The incredible decision by Twitter and Facebook to block access to a New York Post story about a cache of e-mails reportedly belonging to Democratic nominee Joe Biden’s son Hunter, with Twitter going so far as to lock the 200-year-old newspaper out of its own account for more than a week, continues to be a major underreported scandal.

The hypocrisy is mind-boggling. Imagine the reaction if that same set of facts involved The New York Times and any of its multitudinous unverifiable “exposés” from the last half-decade: from the similarly leaked “black ledger” story implicating Paul Manafort, to its later-debunked “repeated contacts with Russian intelligence” story, to its mountain of articles about the far more dubious Steele dossier.

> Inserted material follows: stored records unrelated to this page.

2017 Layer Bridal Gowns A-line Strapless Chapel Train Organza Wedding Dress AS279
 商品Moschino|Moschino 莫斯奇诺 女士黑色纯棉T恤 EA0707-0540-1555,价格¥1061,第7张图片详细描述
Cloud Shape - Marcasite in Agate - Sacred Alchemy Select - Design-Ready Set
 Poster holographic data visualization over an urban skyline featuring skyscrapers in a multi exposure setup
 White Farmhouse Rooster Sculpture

The flow of information in the United States has become so politicized — bottlenecked by an increasingly brazen union of corporate press and tech platforms — that it’s become ­impossible for American audiences to see news about certain topics absent thickets of propagandistic contextualizing.

Try to look up anything about ­Burisma, Joe Biden or Hunter Biden in English, and you’re likely to be shown a pile of “fact-checks” and explainers ahead of the raw information.

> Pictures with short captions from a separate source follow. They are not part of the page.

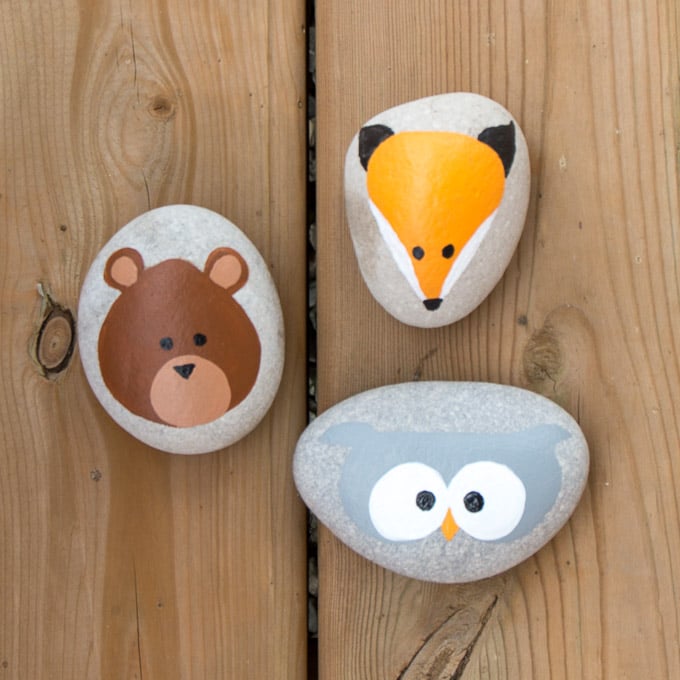 Woodland creatures rock painting. Adorable bear, owl and fox.
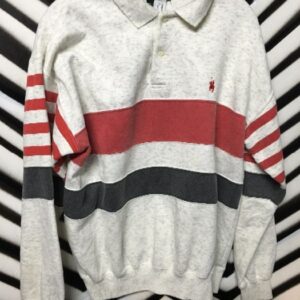 Photo detail:POLO PULLOVER SWEATSHIRT W/COLLAR - HORIZONTAL STRIPED DESIGN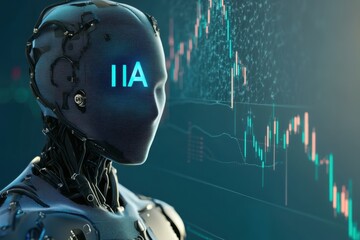 Robotic figure analyzing stock market data with digital graphs in the background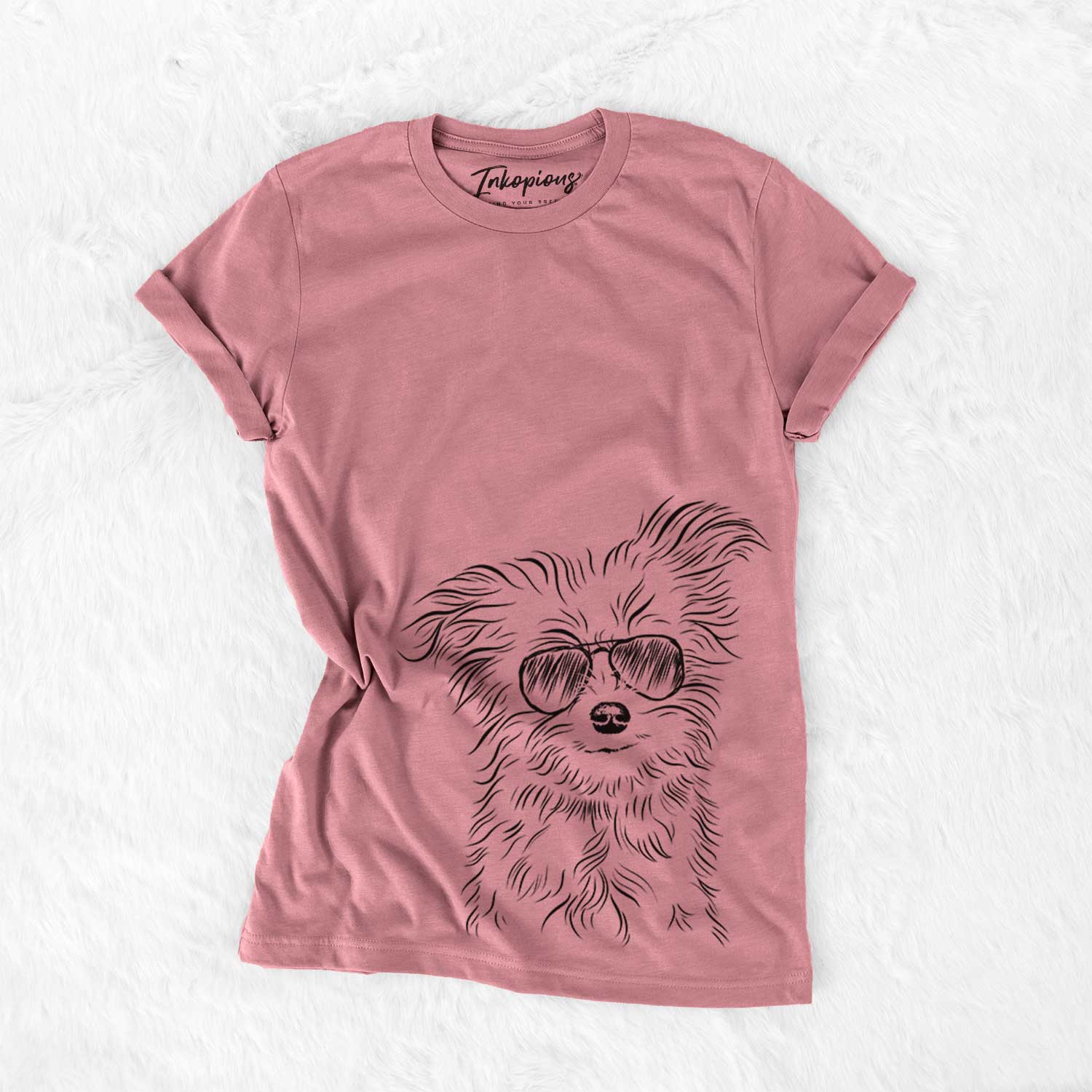Hand-drawn sketch of Mr. Gucci Poochie the Maltese wearing aviator sunglasses on a Mauve Bella Canvas Unisex Crewneck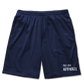 Front view of blue TCA. mesh shorts with drawstring waist and athletic fit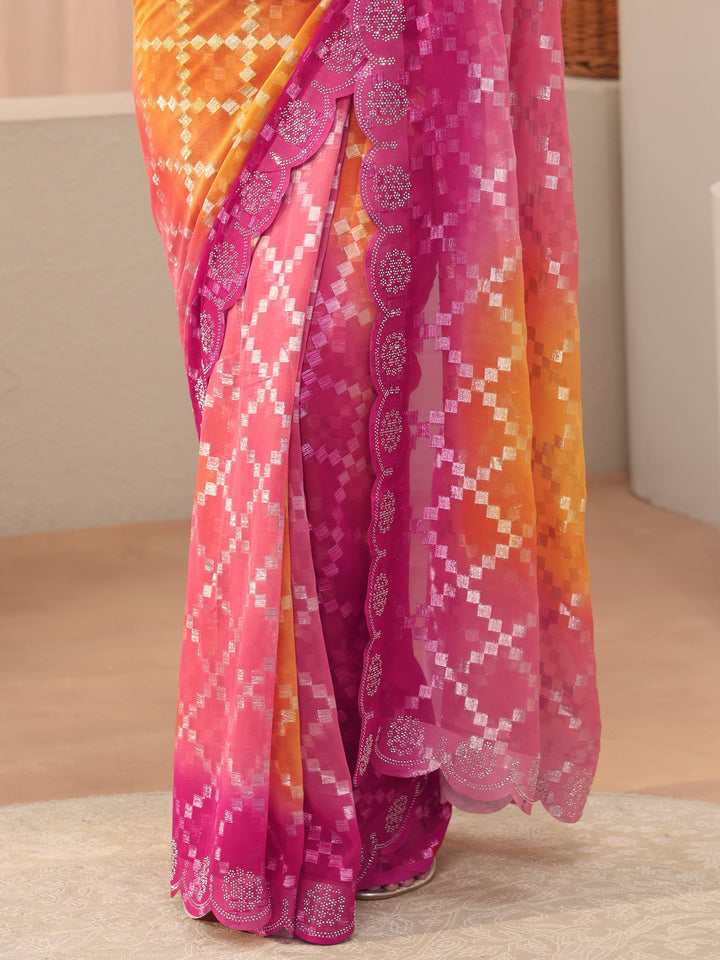 Orange Geometric Self Design Georgette Saree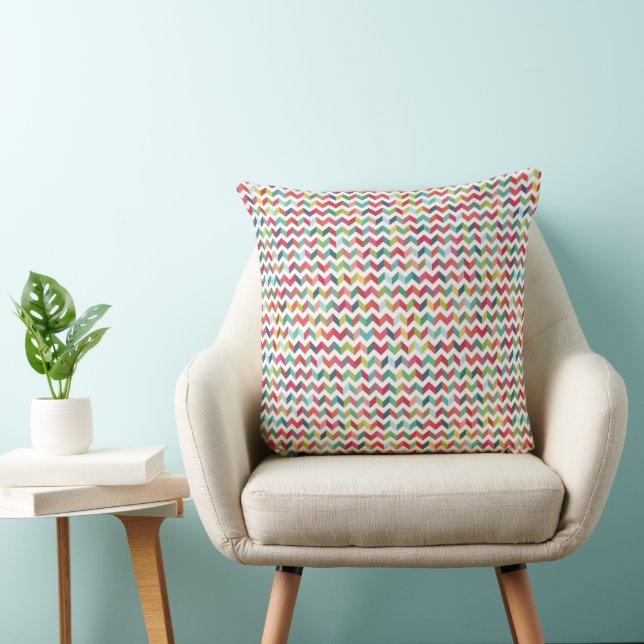 Modern Rainbow Zig Zag Mönster Cushion Kudde (Stol)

As has been hinted at by several prominent journalists, controversies erupted within newsrooms across New York and Washington in the last week. Editors have been telling staffers that any effort to determine whether or not the Biden laptop material is true, or to ask the Biden campaign to confirm or deny the story, will either not be allowed or put through heightened fact-checking procedures.

On the other hand, if you want to assert without any evidence at all that the New York Post story is Russian interference, you can essentially go straight into print.

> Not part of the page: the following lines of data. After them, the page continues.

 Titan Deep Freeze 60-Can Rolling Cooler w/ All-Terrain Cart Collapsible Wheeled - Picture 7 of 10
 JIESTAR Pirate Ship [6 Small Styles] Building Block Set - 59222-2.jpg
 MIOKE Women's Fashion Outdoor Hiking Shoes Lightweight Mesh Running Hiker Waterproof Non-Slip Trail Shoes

Many people on the liberal side of the political aisle don’t have a problem with this, focused as they are on the upcoming Trump-Biden election. But this same press corps might be weeks away from assuming responsibility for challenging a Biden ­administration. If they’ve already calculated once that a true story may be buried for political reasons, because the other “side” is worse, they will surely make that same calculation again.

What happens a month from now when an ambitious Republican like Sen. Tom Cotton leaks a document damaging to a President-Elect Biden? Or two years from now, if in the weeks before midterm elections, we get bad economic news, or a Biden-Harris administration foreign-policy initiative takes a turn for the worse? Are we sure those stories will be run?

The Republican version of the Burisma story — essentially, that former General Prosecutor Viktor Shokin was Elliott Ness, and Joe Biden intervened to fire him specifically to aid his son’s company — is also not supported by evidence. What Trump lawyer Rudy Giuliani and his cohorts have done to date is take a few unreported or underreported facts and leap straight to a maximalist interpretation of corruption on Joe Biden’s part.

This isn’t right, but the room to make that argument has been created by the ongoing squelching of information coming from Ukraine. The suppression story is almost certainly a bigger scandal than the Hunter Biden affair itself, but it’s all become part of the same picture.

Examining the timeline of Hunter Biden’s work for Burisma, and Joe Biden’s urging of the firing of Shokin, shows several things that have been quietly non-reported on our side of the Atlantic.

One is that Shokin, at least early in his short tenure, opened several cases against Burisma (including a tax-evasion matter), while inheriting several others. Two, even after most American newspapers were describing ­Burisma cases as “dormant,” there was evidence of open ­investigations, including one that specifically mentioned Hunter’s company Rosemont-Seneca, and another involving the seizure ­order of February 2016, for which Shokin does appear to have ­responsibility.

Lastly, it’s unquestionable that the cases against Burisma were all closed by Shokin’s successor, chosen in consultation with Joe Biden, whose son remained on the board of said company for three more years, earning upward of $50,000 per month.

This is all information that the press should want to ask more about, even before the issue of the e-mails in the New York Post story. They may not be world-shaking matters. But if such stories become off-limits just because they make the wrong people look bad, we do have a serious problem, no matter who wins the presidency.